Would you tell us about yourself? Would you introduce yourself for the Shalom newspaper readers?
Thank you dear Mirey for coming out all the way to Tarabya, this beautiful place, right next to the German ambassador’s summer house. I am a writer, thinker, curator, and art critic, maybe something like a theory artist. Formerly a professor for philosophy, image theory, and Jewish medieval literature at various universities in Jerusalem, Berlin, Basel, Frankfurt, I am working as an independent curator, art critic, and writer for more than a decade now, connecting theory and art, contemporary and ancient objects, Jewish cosmopolitan traditions with the fields of contemporary art. The last ten years I have had the privilege of creating exhibitions with outstanding international artists mainly from the Middle East, including Turkey, exhibitions that are also chapters of artistic and philosophical research. What interests me in my writing and research is the structure and dynamic of what I call “diasporic thinking”: a way of thinking – and of artistic creativity - that works itself from the margin to the center, from “outside-in”, looking at the manifold margins of society, and of artistic creativity, and looking for ways in which these margins may mingle, mix-up, renew, or subvert any kind of uniform “center”.
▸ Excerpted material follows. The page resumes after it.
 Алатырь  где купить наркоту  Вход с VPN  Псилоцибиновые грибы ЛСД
You are the founder of Taswir Project; a collaborative agency for artistic research and Diasporic thinking? Can you tell us more about your project? Why did you name your Project as Tawsir?
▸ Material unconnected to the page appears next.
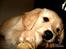 Blanding af racer Labrador/N. Found. Balder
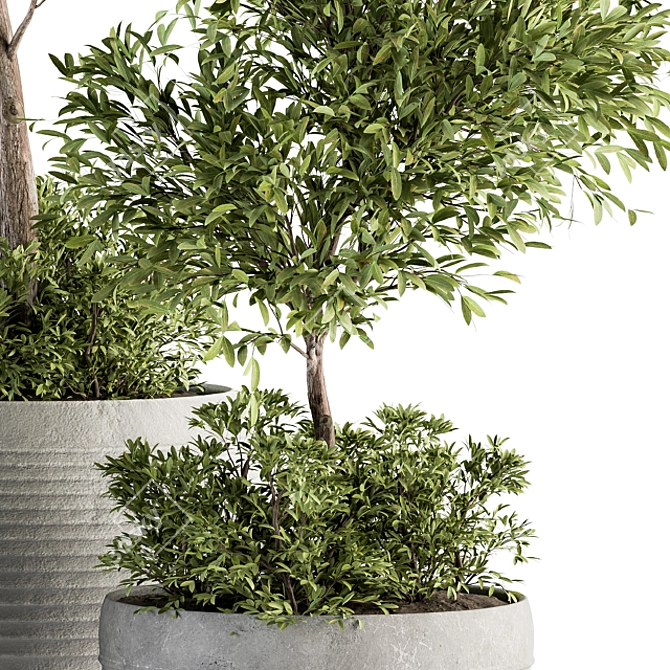 Eco-Serene Indoor Plant Set 3D model image 4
I founded Taswir projects together with a group of friends, artists and scholars, in Berlin in 2001 when I came to Berlin from Jerusalem where I had lived for more than twenty years. Together we felt the urgent need of a revival and renaissance of cosmopolitan traditions, especially those of non-European provenances, that were developed in pre-modern Jewish, Islamic, Eastern Orthodox, Persian, Armenian, Ottoman contexts, cosmopolitan traditions that have been “left out” by the European Enlightenment and that never made it into the Western European canon, traditions which have been first forgotten and then sorted out by the West as “Oriental,” “Eastern,” and have thus been considered until way into the 20th century irrelevant to the project of modernity. We were interested in the transformation of this request for a revival of cosmopolitanism into an artistic research project. Why? Because we felt that, anything connected to “tradition” that is dealt within the literary field is in danger to be occupied by politics. It is very difficult to defend cosmopolitan, non-nationalist agendas outside the field of political instrumentalization. When you move into the field of contemporary art, the retrieval of traditions buried under the grip of political interests becomes a truly inspiring challenge: contemporary art can transform, transpose, re-create, and reposition long-lost cosmopolitan agendas.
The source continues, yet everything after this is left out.